Questo posizionamento, espresso chiaramente durante l’avvio della campagna elettorale a Verrès, non è una semplice critica, ma una proposta di rottura con modelli obsoleti e insostenibili.
L’impegno concreto per la tutela del Vallone di Cime Bianche incarna questo spirito di cambiamento.
Più che una questione ambientale, si tratta di un principio di legalità, di aderenza al diritto europeo e, soprattutto, di un profondo amore per la Valle d’Aosta, un territorio che non può essere sacrificato sull’altare di logiche speculative e di interessi transnazionali.
La Valle d’Aosta, forte di un significativo avanzo di 280 milioni di euro, possiede le risorse necessarie per affrontare le sfide sociali ed economiche, ma è cruciale che queste risorse siano distribuite con equità e lungimiranza.
La priorità deve essere data all’edilizia popolare a canone moderato, al miglioramento del sistema di riscaldamento domestico (un “bon chauffage” per tutti), e al sostegno delle famiglie che si prendono cura di anziani e persone vulnerabili.
Si tratta di politiche mirate a rafforzare il tessuto sociale e a garantire una maggiore resilienza per le fasce più deboli della popolazione.

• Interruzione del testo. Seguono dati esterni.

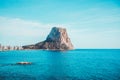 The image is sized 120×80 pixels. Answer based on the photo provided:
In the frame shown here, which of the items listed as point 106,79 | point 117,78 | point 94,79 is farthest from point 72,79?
point 117,78

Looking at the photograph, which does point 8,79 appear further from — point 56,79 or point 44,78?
point 56,79

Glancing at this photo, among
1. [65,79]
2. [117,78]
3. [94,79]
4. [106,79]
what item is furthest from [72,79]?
[117,78]

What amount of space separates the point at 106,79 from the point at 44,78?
18.2 meters

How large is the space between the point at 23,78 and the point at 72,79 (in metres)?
14.5

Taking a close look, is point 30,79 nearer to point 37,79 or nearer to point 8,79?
point 37,79

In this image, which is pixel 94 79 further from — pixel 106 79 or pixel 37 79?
pixel 37 79

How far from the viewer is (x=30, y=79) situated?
52688 mm

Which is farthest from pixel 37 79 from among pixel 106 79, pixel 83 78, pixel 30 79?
pixel 106 79

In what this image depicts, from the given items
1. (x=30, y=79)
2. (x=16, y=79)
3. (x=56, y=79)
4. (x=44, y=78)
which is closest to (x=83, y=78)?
(x=56, y=79)

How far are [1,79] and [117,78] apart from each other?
111 ft

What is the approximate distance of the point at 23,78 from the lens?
2120 inches

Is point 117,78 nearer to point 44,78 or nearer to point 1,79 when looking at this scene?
point 44,78

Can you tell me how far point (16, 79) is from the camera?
52250 mm

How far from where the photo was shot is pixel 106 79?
52844mm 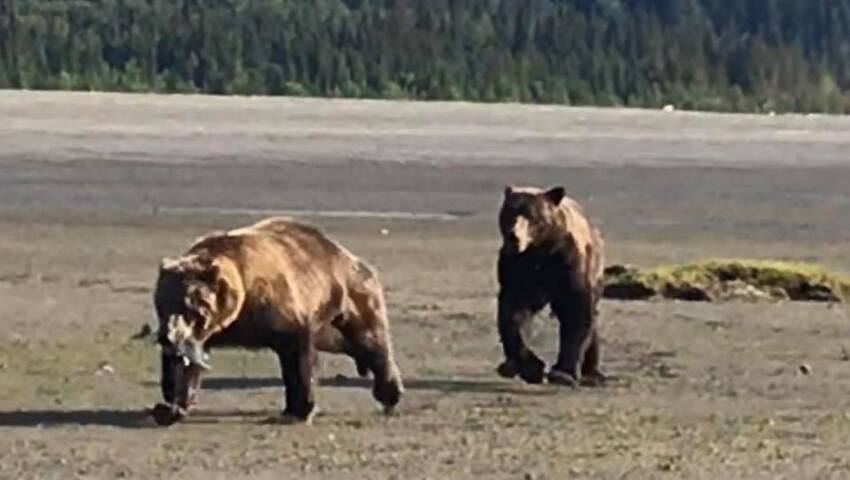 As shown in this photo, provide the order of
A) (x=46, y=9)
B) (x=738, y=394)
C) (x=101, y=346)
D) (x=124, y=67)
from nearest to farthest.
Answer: (x=738, y=394) → (x=101, y=346) → (x=124, y=67) → (x=46, y=9)

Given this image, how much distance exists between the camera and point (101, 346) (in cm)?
1644

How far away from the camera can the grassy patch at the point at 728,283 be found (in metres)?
20.2

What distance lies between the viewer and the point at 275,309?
12.8 meters

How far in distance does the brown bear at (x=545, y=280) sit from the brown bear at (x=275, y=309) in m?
1.39

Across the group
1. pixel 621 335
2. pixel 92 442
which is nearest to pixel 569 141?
pixel 621 335

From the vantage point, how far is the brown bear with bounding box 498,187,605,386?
14.9 meters

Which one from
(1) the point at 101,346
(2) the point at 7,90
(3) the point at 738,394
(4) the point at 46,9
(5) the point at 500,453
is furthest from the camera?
(4) the point at 46,9

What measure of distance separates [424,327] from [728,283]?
10.5 feet

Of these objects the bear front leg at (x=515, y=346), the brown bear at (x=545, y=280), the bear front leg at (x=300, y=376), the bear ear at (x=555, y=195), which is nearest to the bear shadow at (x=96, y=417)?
the bear front leg at (x=300, y=376)

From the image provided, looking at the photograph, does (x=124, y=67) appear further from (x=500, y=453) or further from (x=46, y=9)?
(x=500, y=453)

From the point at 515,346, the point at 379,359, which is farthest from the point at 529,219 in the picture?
the point at 379,359

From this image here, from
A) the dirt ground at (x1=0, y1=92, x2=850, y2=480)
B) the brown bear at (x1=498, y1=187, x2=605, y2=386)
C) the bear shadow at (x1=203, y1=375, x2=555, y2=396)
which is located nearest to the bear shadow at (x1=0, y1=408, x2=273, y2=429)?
the dirt ground at (x1=0, y1=92, x2=850, y2=480)

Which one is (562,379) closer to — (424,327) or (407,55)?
(424,327)

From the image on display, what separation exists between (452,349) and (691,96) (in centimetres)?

La lista “Valle d’Aosta aperta” riconosce che le dinamiche globali esercitano un impatto diretto sulla realtà regionale.
La crisi del sistema sanitario, derivante da scelte progettuali discutibili come l’ampliamento di una struttura esistente invece della costruzione di un nuovo polo ospedaliero, è una diretta conseguenza di questa interconnessione.
Allo stesso modo, la persistente precarietà lavorativa e le discriminazioni che colpiscono categorie professionali essenziali come i vigili del fuoco e i forestali, riflettono un quadro economico e sociale più ampio, caratterizzato da disuguaglianze e sfruttamento.
Un focus particolare è dedicato alla scuola pubblica, soffocata da una cronica carenza di infrastrutture adeguate, tra aule insufficienti e palestre inesistenti.
La leadership regionale deve abbandonare un modello di sviluppo basato sul cemento e sull’invasività nei confronti del territorio montano, privilegiando al contrario un approccio sostenibile che supporti l’agricoltura locale, l’agriturismo e soluzioni innovative a basso impatto ambientale, in linea con gli obiettivi di sicurezza e resilienza climatica.
La sfida non è semplicemente preservare il paesaggio, ma costruire un futuro in armonia con la natura, valorizzando le risorse locali e garantendo una qualità di vita dignitosa per tutti i cittadini valdostani.
La visione di “Valle d’Aosta aperta” è quella di una regione prospera, equa e sostenibile, capace di affrontare le sfide del futuro con coraggio e determinazione.